Shrimp Clemenceau is a New Orleans specialty, usually made with shrimp, asparagus, mushrooms and fried potatoes. The last time I made this, at Chef Dave’s suggestion, I substituted mirliton for the fried potatoes. This time I substituted aubergine for the fried potatoes because I’m craving aubergine. So that’s why.
This should really be called Gambas Clemenceau because the shrimp in the freezer were humongous! I wonder where I bought these? They would be great on the grill. I’ll have to look around. You can also use “normal” shrimp which I had intended to do, but who knows what manner of creature lurks in the heart of my freezer? Not even The Shadow🙂 I recently ordered a 14 DVD set of “Rumpole of the Bailey” and the series is as hilarious and entertaining as I remembered.
Too lazy to make up a batch of Emeril’s essence and determined never to use any seasoning labeled “McCormick”, I remembered that my mother used Old Bay seasoning on practically everything, especially seafood. Good enough for me and it was okay but I think I would have preferred a little “essence” or another good quality Creole seasoning.
The thing about this rendition of shrimp Clemenceau is that I adore each ingredient; aubergine, shrimp, mushrooms, asparagus, garlic.
This was a very pretty aubergine; firm, white fleshed and dark purple skin.
Be sure to brown the diced aubergine on high flame and avoid overcooking so that the pieces remain firm. Mine were a little softer than I wanted. Good, but still.

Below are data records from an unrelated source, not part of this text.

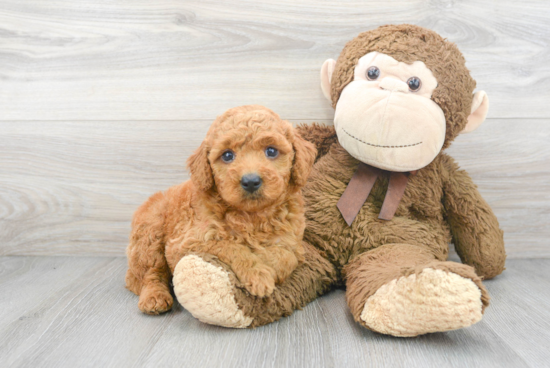 Best Mini Goldendoodle Baby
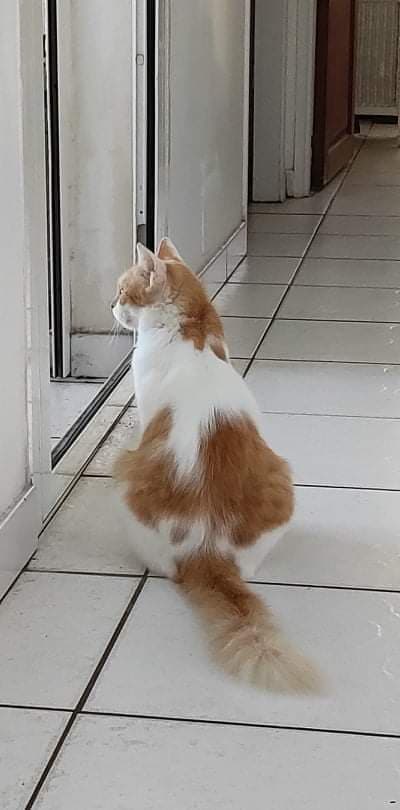ECUREUIL, chatte femelle blanche et rousse de 2 ans (Naissance : 10/10/2020) - Réservée à Mégane 27887710
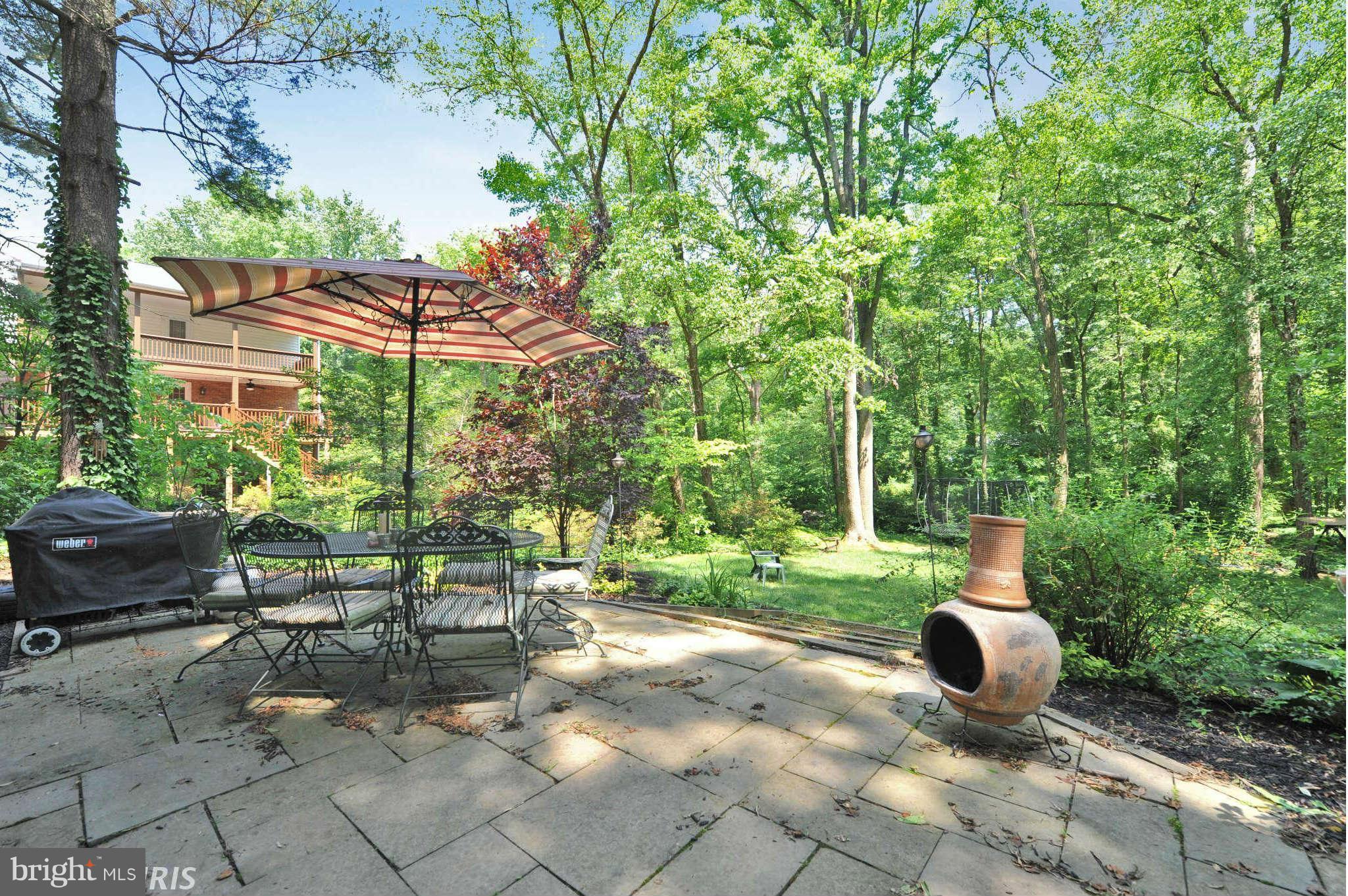 1625 Courtland Road Alexandria, VA 22306 - Photo 27 of 29 Exterior (Rear)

This dish is easy to assemble and would make a nice main course for a “Laid back” Sunday brunch because you can quickly cook everything in the morning and just reheat before topping with a poached egg to serve.
2 lbs of gambas or shrimp headed, shelled and deveined
2 tbsp Old Bay seasoning or a good quality Creorle seasoning
2 tbsp olive oil
1 tbsp butter
1 large, firm aubergine/eggplant, diced
3-4 garlic cloves minced
Salt and pepper
2 tbsp butter
1/2 lb mushrooms, sliced
1 bunch young asparagus, tough ends trimmed and cut into thirds
1 tbsp butter
Poached eggs (optional)
Toss the gambas with seasoning and set aside. Heat 2 tbsp of olive oil and 1 tbsp butter in a skillet, add the aubergine and brown on high flame until cooked but still firm. Add the garlic and saute for about 1 minute and sprinkle with salt and pepper. Remove the mixture to a plate/bowl and set aside.
Wipe out the skillet with a paper towel, then add the 2 tbsp of butter and the mushrooms. Saute until the mushrooms begin to release their water, then add the asparagus and continue to saute for about 2 minutes until the asparagus are crisp tender. Transfer to the plate with the aubergine.
Wipe out the skillet with a paper towel, add the remaining tablespoon of butter and the gambas. Saute until just done, about 2-3 minutes. Add the vegetables to the skillet and gently toss and heat.
Divide in to serving plates and top each serving with a poached egg, if desired.